# [Work request]
What is needed is an exact reproduction of the lines from the one that contains "Wrangler - Buksedragt" through the end of the data, both included and nothing else, with pictures omitted.

# [Data items]
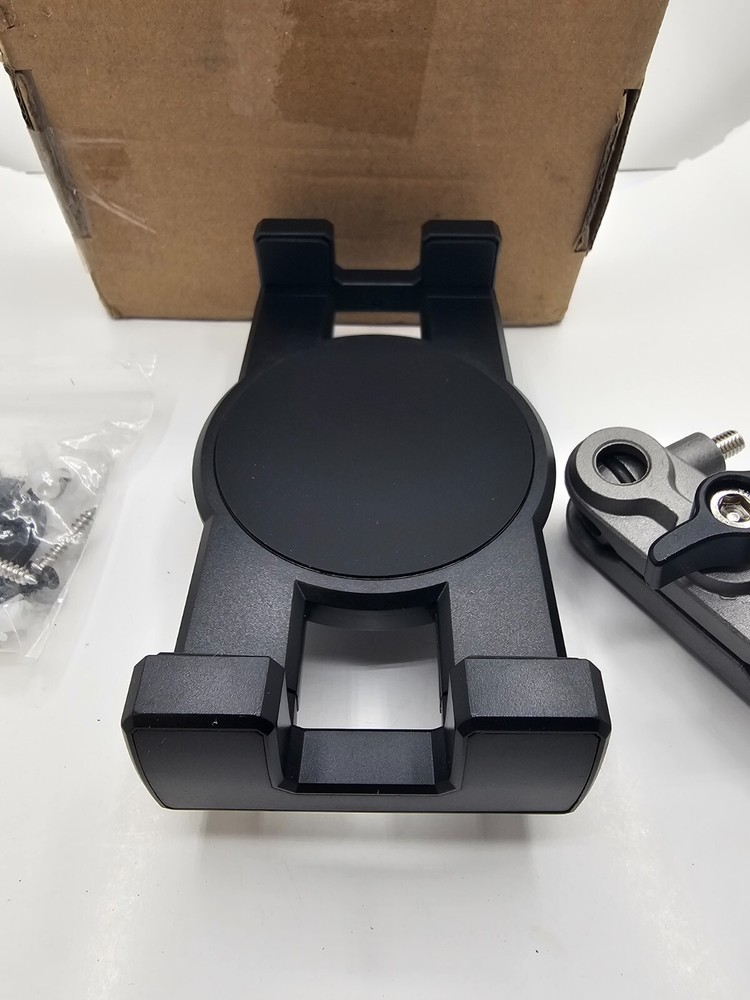 Heavy Duty Drill Base Tablet Holder Car Mount Dashboard, 360° Adjustable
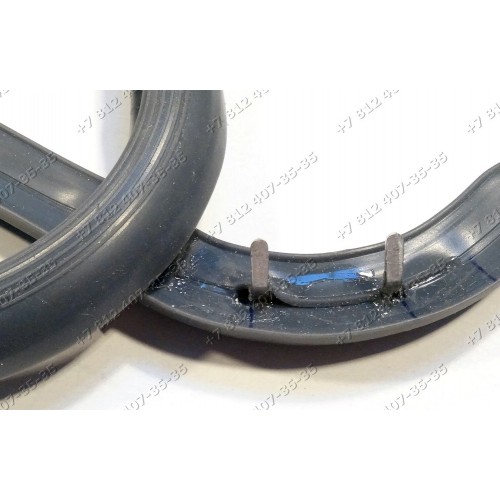 Уплотнитель двери духовки Samsung BF3C4T047/XEN, BF62CCBST/XEE, BF62CCBST/XEN, BQ1AD4T013/XEF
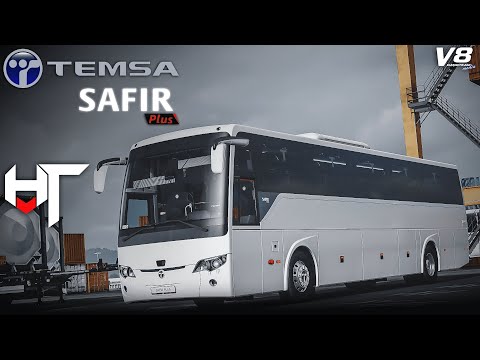 TEMSA SAFIR PLUS/HD13 PAYLAŞIM | Euro Truck Simulator 2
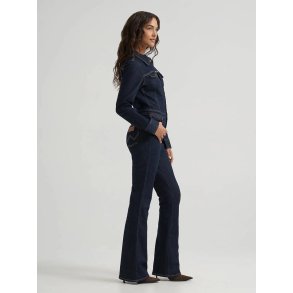 Wrangler - Buksedragt - Montana Coverall - Dark Stone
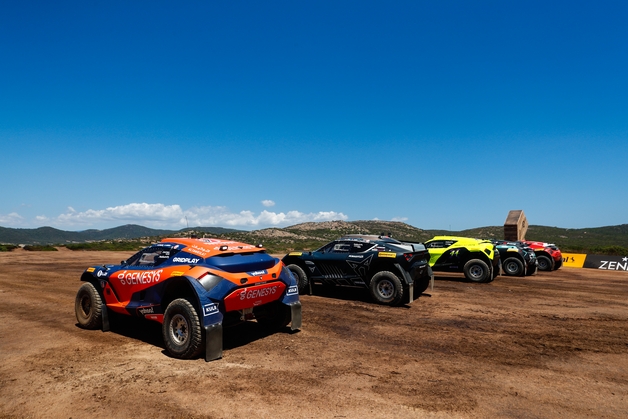 RXR Make Amends in Sardinia With Second Win of Season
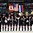 KAMLOOPS, BC - APRIL 4: Team USA enjoys their national anthem after a 1-0 victory over Canada during gold medal game action at the 2016 IIHF Ice Hockey Women's World Championship. (Photo by Matt Zambonin/HHOF-IIHF Images)


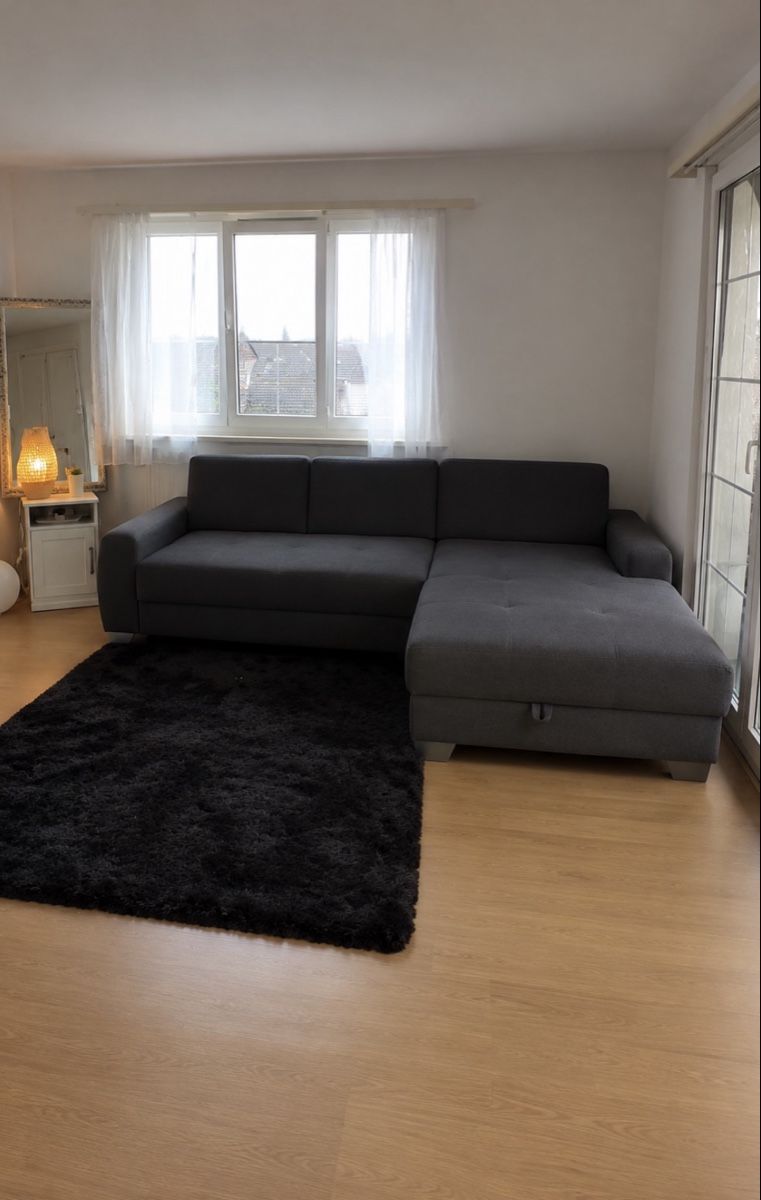 Sofas: Sofa grau  – D'occasion à Au SG par fei_rg9j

# [Written reply]
 Wrangler - Buksedragt - Montana Coverall - Dark Stone
 RXR Make Amends in Sardinia With Second Win of Season
 KAMLOOPS, BC - APRIL 4: Team USA enjoys their national anthem after a 1-0 victory over Canada during gold medal game action at the 2016 IIHF Ice Hockey Women's World Championship. (Photo by Matt Zambonin/HHOF-IIHF Images)


 Sofas: Sofa grau  – D'occasion à Au SG par fei_rg9j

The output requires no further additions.